Glance at the history of this country, and you’ll notice that humiliation and shame have long been potent weapons of racial oppression, social alienation and disenfranchisement. Many of the important liberal advances in our history are stories of transcending shame and stigmatization, from the civil rights movement to the feminist and LGBT movements.
But there are also moments, scattered throughout the history of modern progressivism, in which shame became a weapon of liberation, justice and equality. Moments in which it was invoked specifically to confront those who oppressed others for their own ends, and then lied about it. In these moments, shame became a call to conscience, and a call to arms.
In 1829, abolitionist William Lloyd Garrison publicly rebuked a New England merchant named Francis Todd for profiting off the transportation of slaves. Todd sued Garrison for libel and had him jailed. But Garrison had found both his calling and his method. While sitting in a Baltimore jail pending the adjudication of his case, he penned a defiant defense of his actions, including the following:
So long as a good Providence gives me strength and intellect, I will not cease to declare, that the existence of slavery in this country is a foul reproach to the American name; nor will I hesitate to problem the guilt of kidnappers, slave abettors, or slave owners, wheresoever they may reside, or however high they may be exalted. I am only in the alphabet of my task; time shall perfect a useful work.
Garrison became one of the most vocal and strident opponents of slavery before its abolition in 1865, and a savage critic of its defenders.
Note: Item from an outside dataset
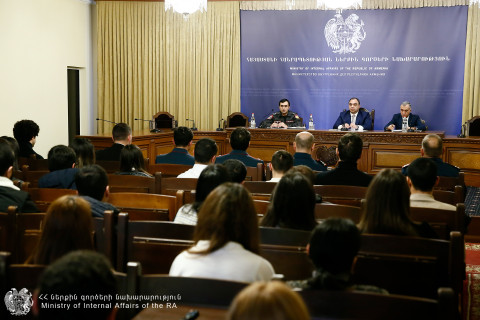 ՆԳ նախարարը կարևորել է Քրեական ոստիկանությունը նոր կադրերով համալրելը և ներկայացրել կարիերայի հեռանկարները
His unrelenting advocacy in the face of the death threats, jailings, and the bounty placed on his head by the state of Georgia only added to his celebrity, and thus to the power of his cause.
In 1892, Ida B. Wells documented the complicity of the South’s “leading citizens” in the practice of lynching, and punctured the myth that lynching was anything other than white terrorism in the service of racial subordination.
In 1902, Ida Tarbell’s straightforward prose thoroughly exposed the unfair business practices of John D. Rockefeller, leading to the forced disintegration of his Standard Oil monopoly.
In 1955, after a Chicago teenager named Emmett Till was tortured and murdered in Mississippi, his mother Mamie Till-Mobley buried her son’s mutilated body in a glass-topped casket, forcing the nation to confront the brutality that underpinned Jim Crow. Till’s murderers never saw justice for their crimes, but his memory galvanized a movement.
Eight years later, the black children of Birmingham marched against segregation, and transformed public safety commissioner Bull Connor, along with his dogs and firehoses, into potent symbols of the country’s failure to guarantee the rights of citizenship for people of color.
There are so many more exemplars of this kind of love and courage, some recorded, but many lost to history.
In the Trump era, it’s hard to imagine what it would take to shame the Republicans into making more just and inclusive policy.. There's not much that progressives can do to discredit Trump and his party that they haven't already done to discredit themselves. Like all authoritarian movements, the underlying goal of Trumpism (i.e. modern conservatism) is to acquire and wield a kind of power that, like its namesake, can neither be embarrassed nor constrained.
But it’s worth noting that not all of the acts of moral witness listed above achieved immediate change. Nor did they do much to sway the minds of the oppressors themselves. That wasn’t their aim. The reason these moments of moral courage matter, and that we remember them today, is because of the purpose, energy and determination they inspired in other like minded people.
Earlier this month, students from Marjory Stoneman Douglas High School, scene of the deadliest high school shooting in American history, traveled to the Tallahassee to implore the radically pro-gun Florida legislature to ban the sale of semi-automatic rifles with high-capacity magazines. That such a reasonable demand seems radical is a testament to how far to the right we are on guns.
For that, they have already become targets of online harassment and death threats. They’ve been dismissed as “crisis actors” by the far-right fringe. The mainstream media assures them that nothing will persuade Congressional Republicans to take meaningful action on gun control. Which is probably true—the modern Republican Party is largely impervious to shame and deeply entangled with the gun industry.
But even though the students are meeting with elected officials, they're really talking to the rest of us. Their moral witness injects momentum and urgency into the flagging effort for sane gun laws. Those who agree with them (the majority) will come out to the polls in force during the upcoming election. Perhaps more importantly, the students’ assumption of responsibility for preventing future massacres is a powerful counterexample to the sociopathically self-centered and short-sighted politics of Trumpism.
The student activists of Marjory Stoneman Douglas High School are not afraid, and they don't have time for our stupidity when it comes to guns. They’ve set an example that will reverberate for a long time to come.